Cerca de 180 mil mulheres fizeram esta rota desde 1983, quando foi introduzida, por meio de um referendo, a oitava emenda, que está em jogo neste referendo.
Nos últimos dias, no entanto, esgotaram-se as passagens dos voos entre Londres e Dublin: são irlandesas que fazem o caminho inverso, para tentar derrubar a emenda e dar ao Parlamento o poder de legislar sobre o aborto.
Cerca de 80% dos irlandeses são católicos. O prestígio da Igreja, contudo, foi abalado por sucessivos escândalos. As feridas causadas por abusos sexuais envolvendo padres e pela revelação das chamadas Lavanderias Madalena, onde mães solteiras eram mantidas como escravas, ainda não cicatrizaram. Por isso, desta vez, a Igreja, manteve-se discreta e fora da campanha.

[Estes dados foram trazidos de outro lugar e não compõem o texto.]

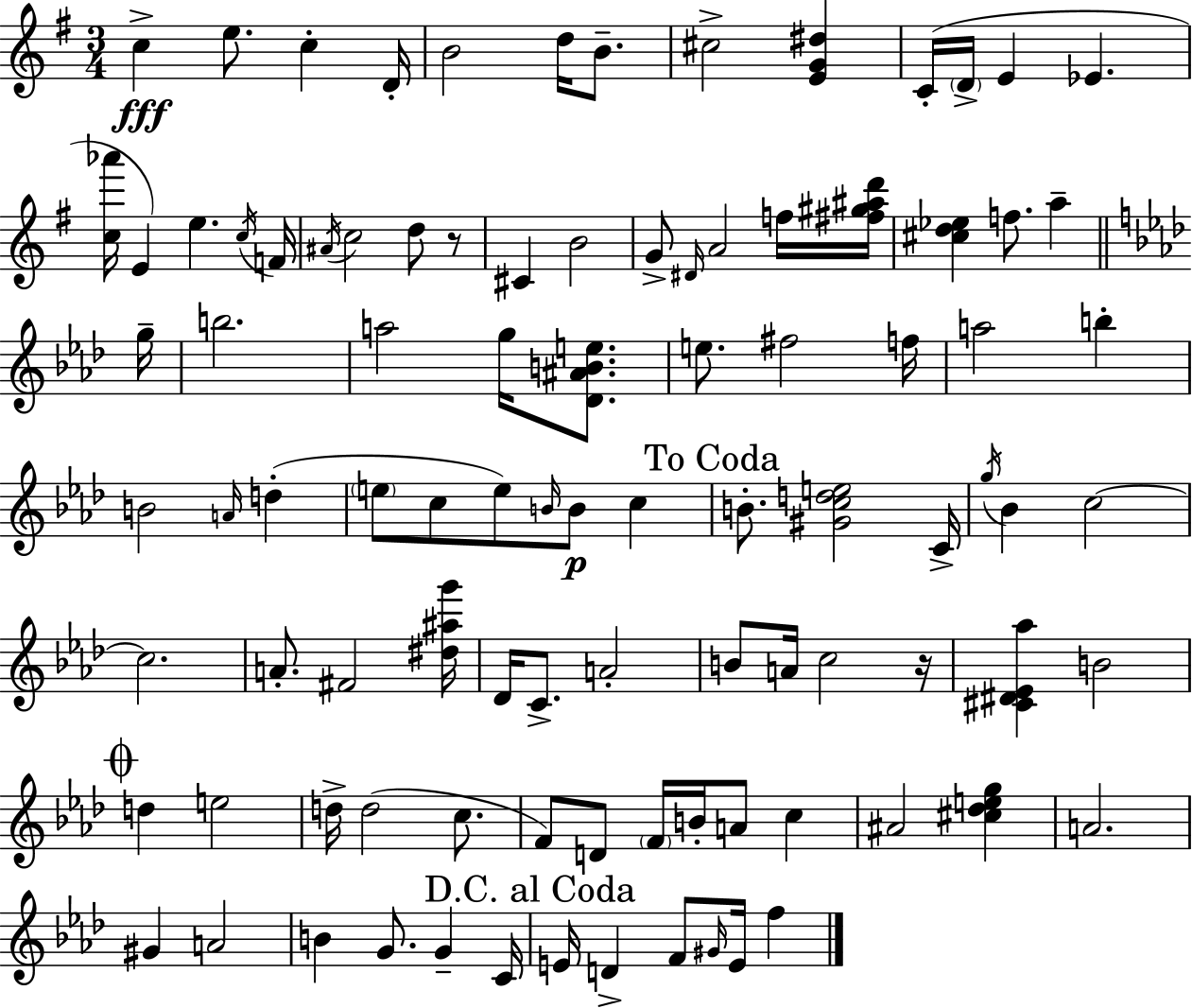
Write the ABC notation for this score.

X:1
T:Untitled
M:3/4
L:1/4
K:Em
c e/2 c D/4 B2 d/4 B/2 ^c2 [EG^d] C/4 D/4 E _E [c_a']/4 E e c/4 F/4 ^A/4 c2 d/2 z/2 ^C B2 G/2 ^D/4 A2 f/4 [^f^g^ad']/4 [^cd_e] f/2 a g/4 b2 a2 g/4 [_D^ABe]/2 e/2 ^f2 f/4 a2 b B2 A/4 d e/2 c/2 e/2 B/4 B/2 c B/2 [^Gcde]2 C/4 g/4 _B c2 c2 A/2 ^F2 [^d^ag']/4 _D/4 C/2 A2 B/2 A/4 c2 z/4 [^C^D_E_a] B2 d e2 d/4 d2 c/2 F/2 D/2 F/4 B/4 A/2 c ^A2 [^c_deg] A2 ^G A2 B G/2 G C/4 E/4 D F/2 ^G/4 E/4 f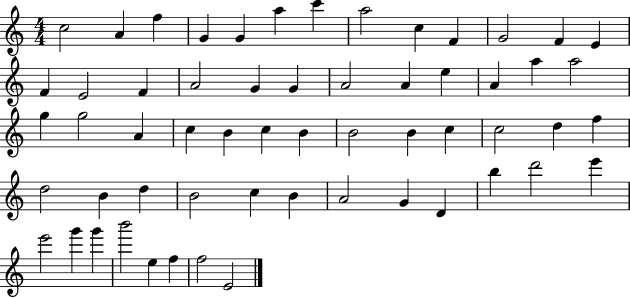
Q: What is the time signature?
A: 4/4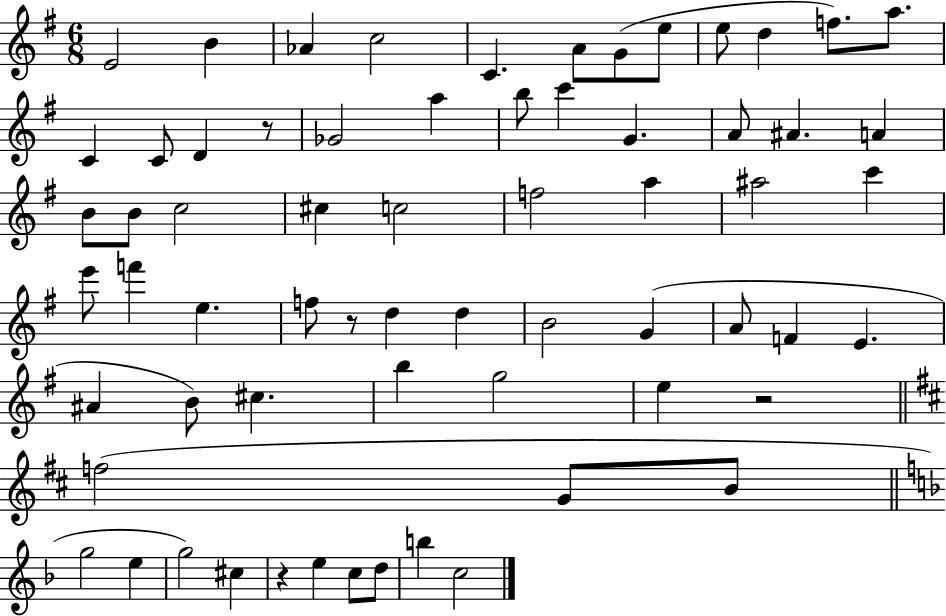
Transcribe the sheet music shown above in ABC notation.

X:1
T:Untitled
M:6/8
L:1/4
K:G
E2 B _A c2 C A/2 G/2 e/2 e/2 d f/2 a/2 C C/2 D z/2 _G2 a b/2 c' G A/2 ^A A B/2 B/2 c2 ^c c2 f2 a ^a2 c' e'/2 f' e f/2 z/2 d d B2 G A/2 F E ^A B/2 ^c b g2 e z2 f2 G/2 B/2 g2 e g2 ^c z e c/2 d/2 b c2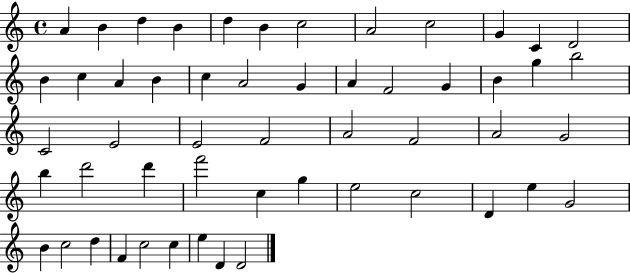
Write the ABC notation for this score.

X:1
T:Untitled
M:4/4
L:1/4
K:C
A B d B d B c2 A2 c2 G C D2 B c A B c A2 G A F2 G B g b2 C2 E2 E2 F2 A2 F2 A2 G2 b d'2 d' f'2 c g e2 c2 D e G2 B c2 d F c2 c e D D2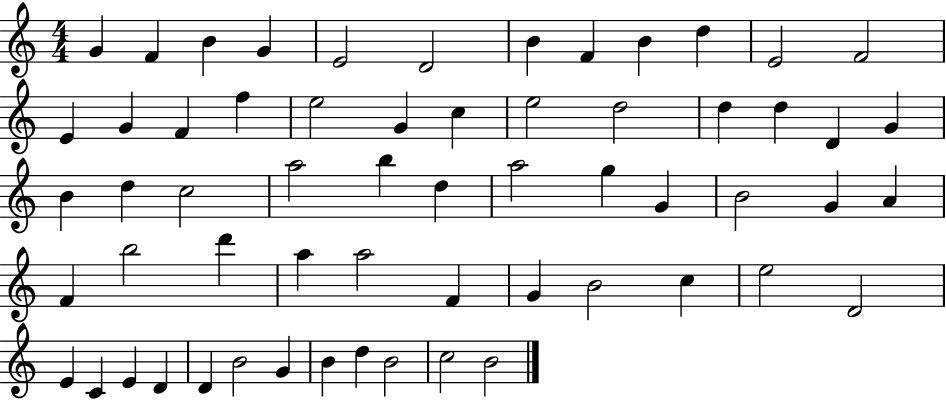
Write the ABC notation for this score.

X:1
T:Untitled
M:4/4
L:1/4
K:C
G F B G E2 D2 B F B d E2 F2 E G F f e2 G c e2 d2 d d D G B d c2 a2 b d a2 g G B2 G A F b2 d' a a2 F G B2 c e2 D2 E C E D D B2 G B d B2 c2 B2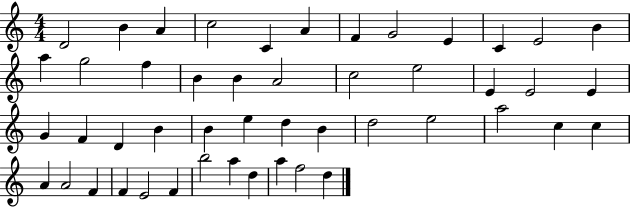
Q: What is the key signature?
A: C major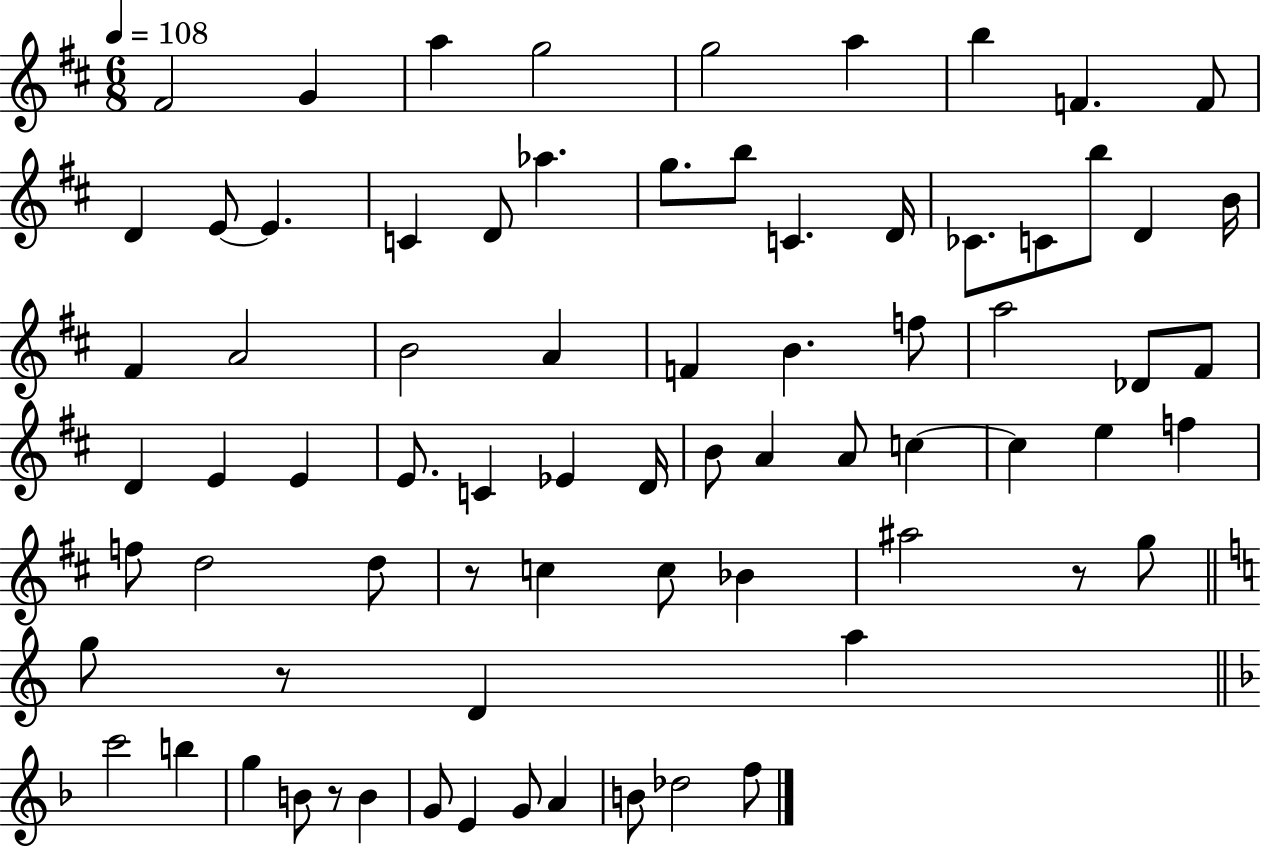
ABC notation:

X:1
T:Untitled
M:6/8
L:1/4
K:D
^F2 G a g2 g2 a b F F/2 D E/2 E C D/2 _a g/2 b/2 C D/4 _C/2 C/2 b/2 D B/4 ^F A2 B2 A F B f/2 a2 _D/2 ^F/2 D E E E/2 C _E D/4 B/2 A A/2 c c e f f/2 d2 d/2 z/2 c c/2 _B ^a2 z/2 g/2 g/2 z/2 D a c'2 b g B/2 z/2 B G/2 E G/2 A B/2 _d2 f/2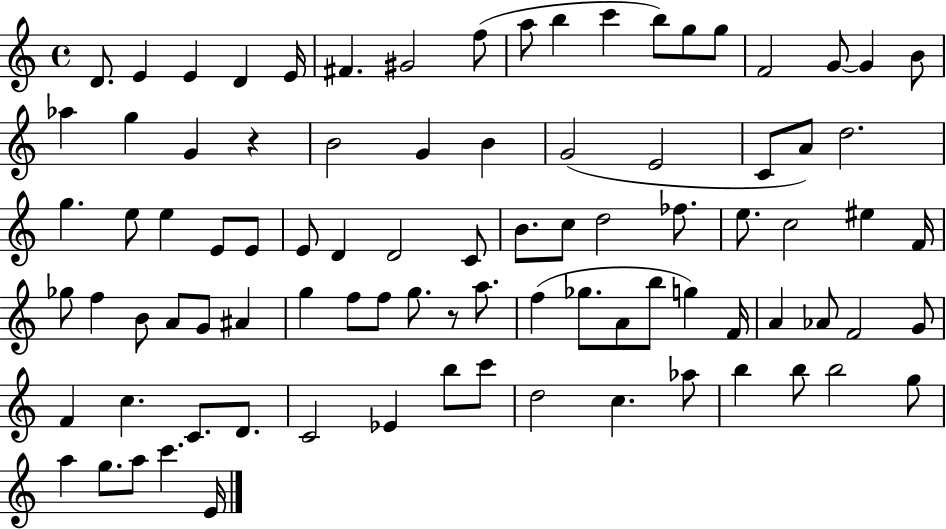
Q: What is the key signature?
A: C major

A radicalização traduziu-se numa intensa campanha, com debates ferozes e anúncios controversos. O campo do “Não” estreitou a vantagem do “Sim” com um argumento poderoso: o de que a legalização provocará um aborto maciço de fetos com síndrome de Down.
Partidário do “Sim”, o primeiro-ministro, Leo Varadkar, entrou em ação, acusando a campanha adversária de criar confusão e assegurando que, na legislação proposta pelo governo, as síndromes não serão parâmetros para a interrupção da gravidez.
Extremamente conservador, o país dá sinais de mudanças. Nos últimos anos, aprovou o casamento entre homossexuais e elegeu Varadkar, seu primeiro premier assumidamente gay.
Se revogar a emenda que até agora só fez exportar abortos para fora de suas fronteiras, a Irlanda entra em outro patamar. Avança na direção da grande maioria dos países da União Europeia e deixa para trás apenas Polônia e Malta.